Work task ▸
All lines at and after the one containing "this 750×500 image.", up to the end of the listing below, are to be printed exactly, with the pictures omitted.

** Opening Record extracts block **

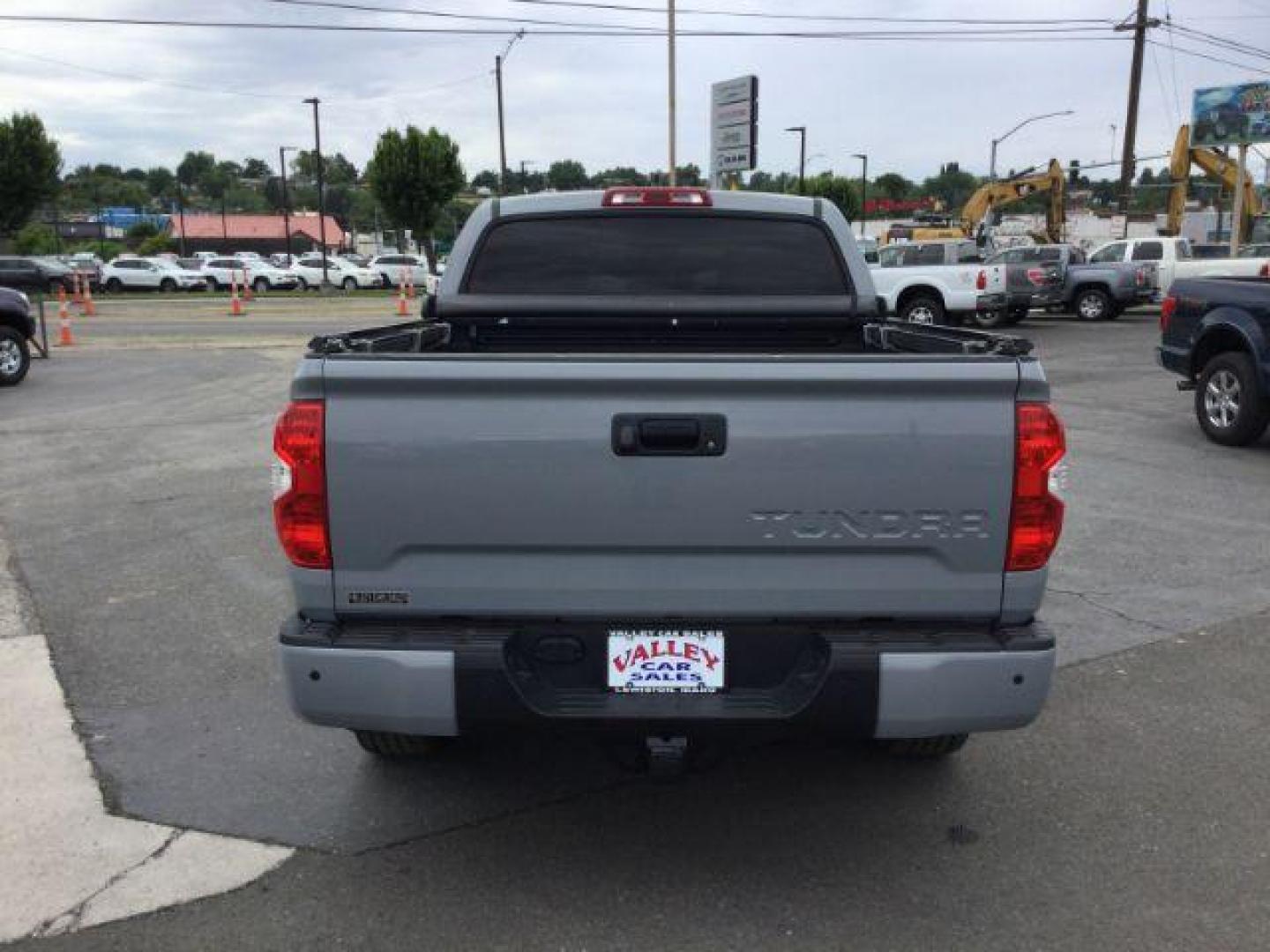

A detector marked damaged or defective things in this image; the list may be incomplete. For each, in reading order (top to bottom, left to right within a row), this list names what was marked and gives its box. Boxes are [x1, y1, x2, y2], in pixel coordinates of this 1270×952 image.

parking lot crack [1046, 589, 1173, 635]
parking lot crack [27, 832, 185, 944]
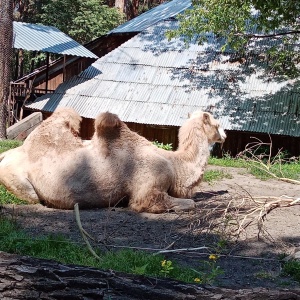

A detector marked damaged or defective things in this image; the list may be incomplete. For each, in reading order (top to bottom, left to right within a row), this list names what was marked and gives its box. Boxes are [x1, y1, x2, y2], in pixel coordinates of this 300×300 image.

rusty metal roof sheet [13, 21, 98, 58]
rusty metal roof sheet [26, 17, 300, 137]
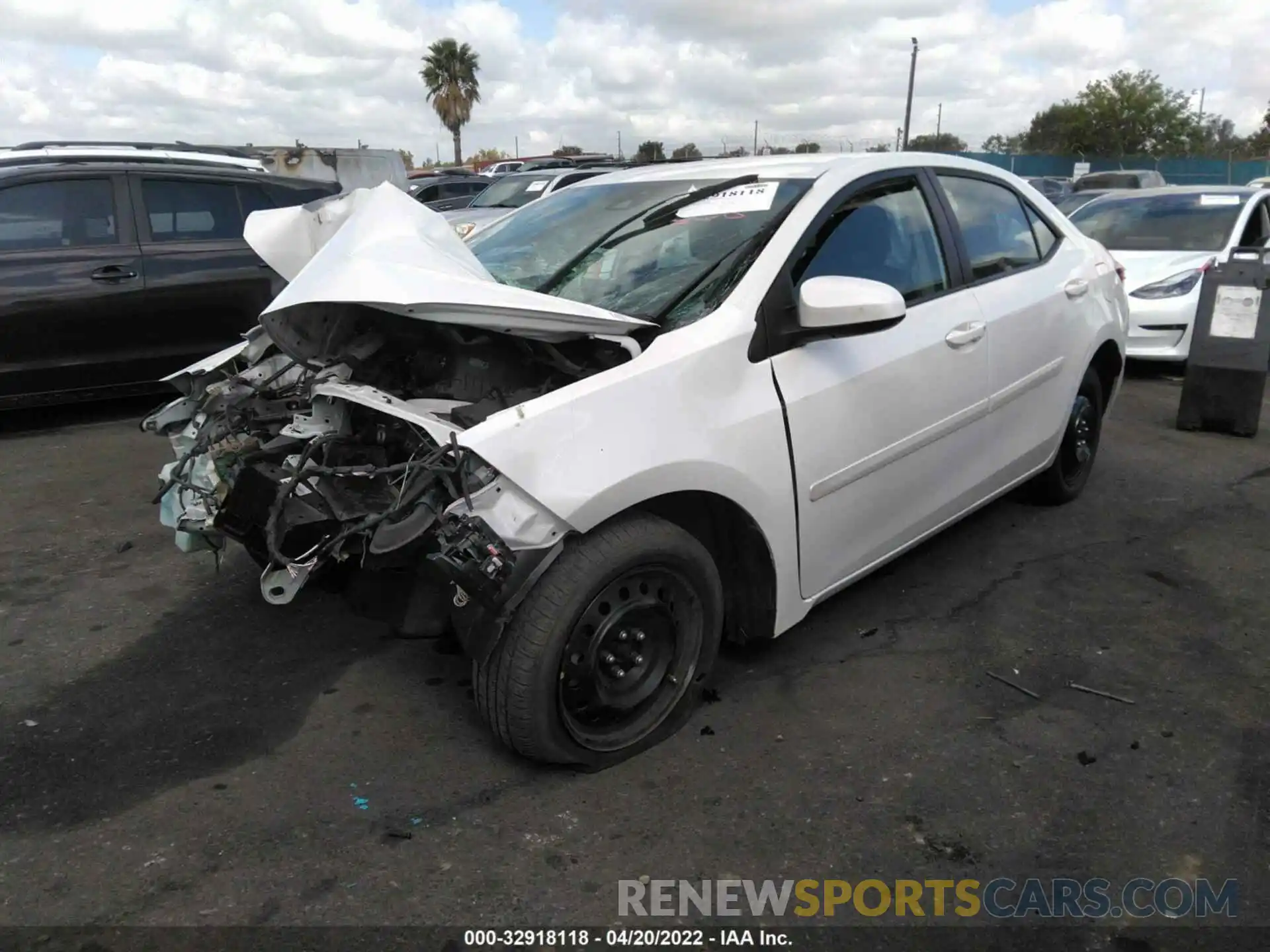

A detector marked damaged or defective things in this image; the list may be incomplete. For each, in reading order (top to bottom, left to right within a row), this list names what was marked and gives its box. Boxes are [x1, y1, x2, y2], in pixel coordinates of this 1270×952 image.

crumpled hood [246, 180, 656, 341]
crumpled hood [1106, 249, 1217, 290]
severe front-end damage [144, 182, 651, 658]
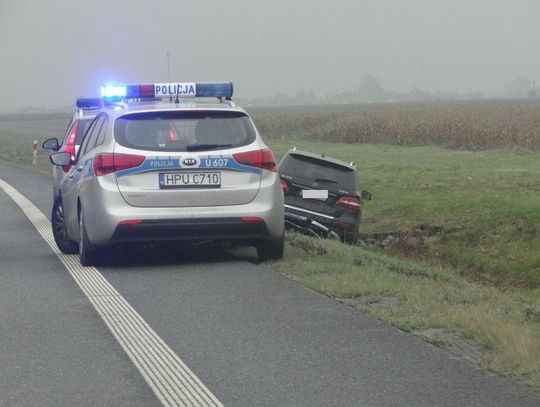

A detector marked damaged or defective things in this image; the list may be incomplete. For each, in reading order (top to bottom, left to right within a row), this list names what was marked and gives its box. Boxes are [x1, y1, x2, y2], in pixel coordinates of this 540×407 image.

crashed black suv [278, 150, 372, 245]
damaged vehicle [278, 150, 372, 245]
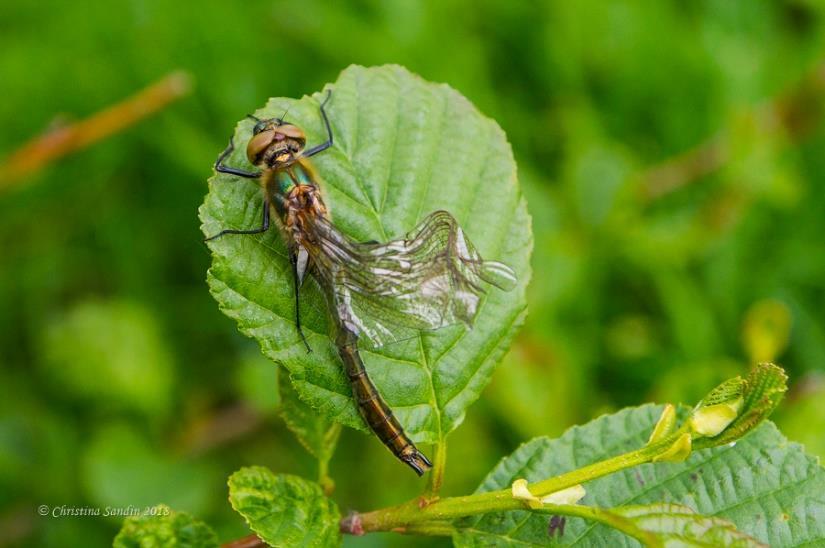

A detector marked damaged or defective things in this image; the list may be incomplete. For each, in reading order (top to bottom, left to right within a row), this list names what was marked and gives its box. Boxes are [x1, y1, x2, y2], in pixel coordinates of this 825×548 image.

crumpled wing [306, 210, 520, 346]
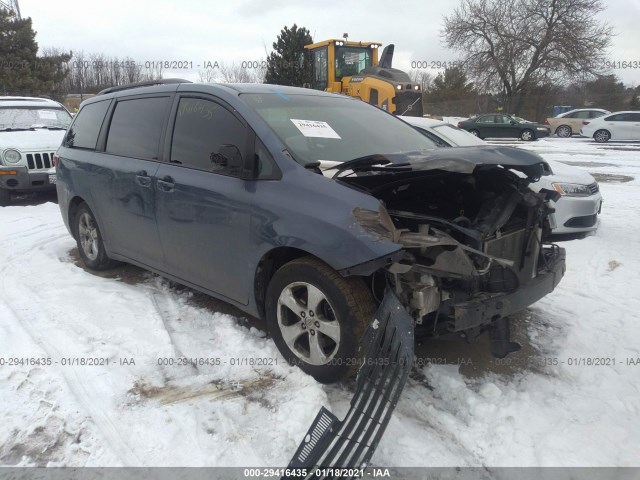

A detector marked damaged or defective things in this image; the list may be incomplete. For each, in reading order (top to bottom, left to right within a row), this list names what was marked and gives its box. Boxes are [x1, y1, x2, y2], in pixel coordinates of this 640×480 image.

damaged blue minivan [55, 80, 564, 384]
broken plastic fender [282, 286, 412, 478]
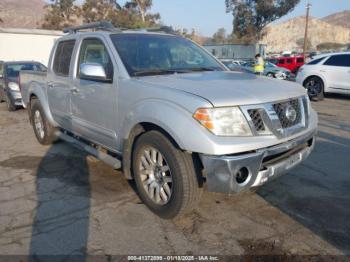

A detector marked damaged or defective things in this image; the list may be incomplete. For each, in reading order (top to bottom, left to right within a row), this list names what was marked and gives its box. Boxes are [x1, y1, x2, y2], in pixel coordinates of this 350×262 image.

damaged front bumper [200, 131, 318, 194]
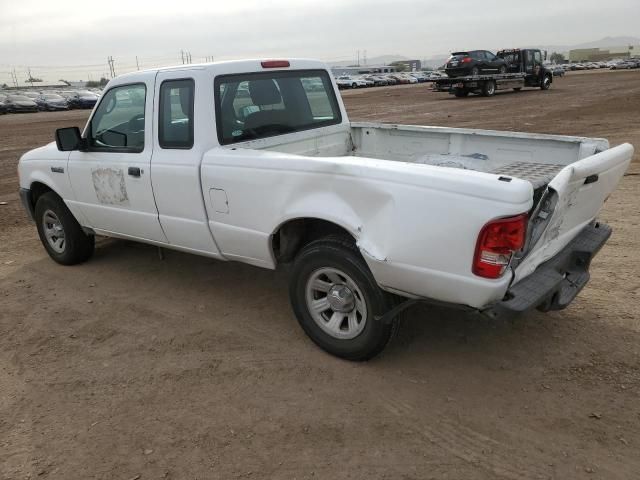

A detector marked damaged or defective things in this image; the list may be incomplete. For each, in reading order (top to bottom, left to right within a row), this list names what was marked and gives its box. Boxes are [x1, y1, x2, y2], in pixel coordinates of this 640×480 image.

damaged rear bumper [484, 221, 608, 318]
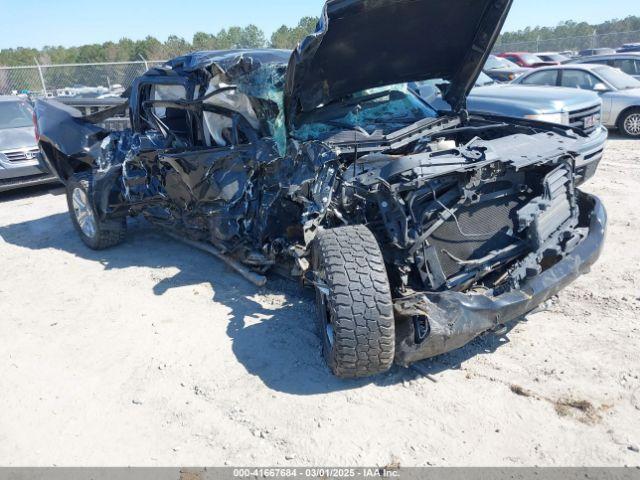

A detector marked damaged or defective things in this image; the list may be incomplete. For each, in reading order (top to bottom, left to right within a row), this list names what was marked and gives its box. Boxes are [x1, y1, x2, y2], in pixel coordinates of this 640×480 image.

severely damaged truck [32, 0, 608, 378]
shattered windshield [294, 85, 436, 142]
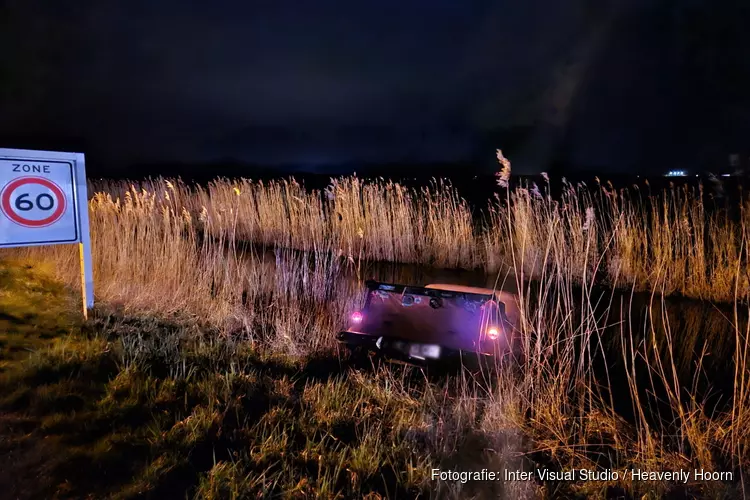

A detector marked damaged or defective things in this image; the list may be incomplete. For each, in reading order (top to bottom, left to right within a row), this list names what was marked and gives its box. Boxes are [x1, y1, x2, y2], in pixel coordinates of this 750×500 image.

crashed vehicle [336, 280, 520, 366]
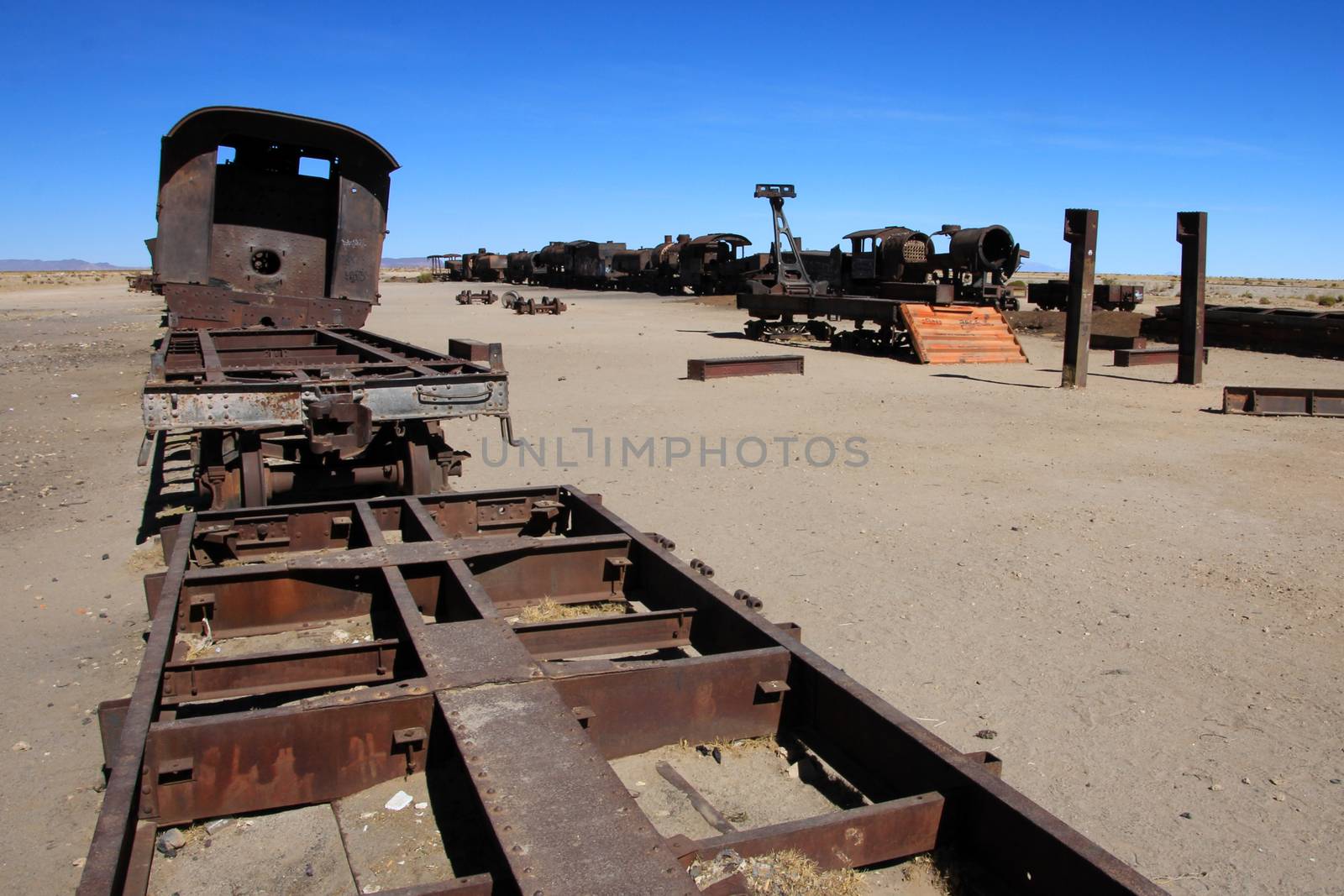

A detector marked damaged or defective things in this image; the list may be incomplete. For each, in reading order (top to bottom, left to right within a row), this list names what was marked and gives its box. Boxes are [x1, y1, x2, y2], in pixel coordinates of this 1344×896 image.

** Closing Record extracts block **

Solution below ▸
A detector marked damaged or defective things in this image; the list may be incomplete. For each, in reading order (top to bottom, left to right within a row), this list names what was marked and gives its box. Boxes are [x1, y1, x2, y2], in pixel coordinates of this 750×500 image.

crashed vehicle [336, 280, 520, 366]

A detector marked damaged or defective things in this image; the list may be incomplete. For each, in reading order (top to bottom, left to right within a row), this list names what was marked and gives its box. Boxes are [x1, y1, x2, y2], in pixel coordinates of this 1344×896 image.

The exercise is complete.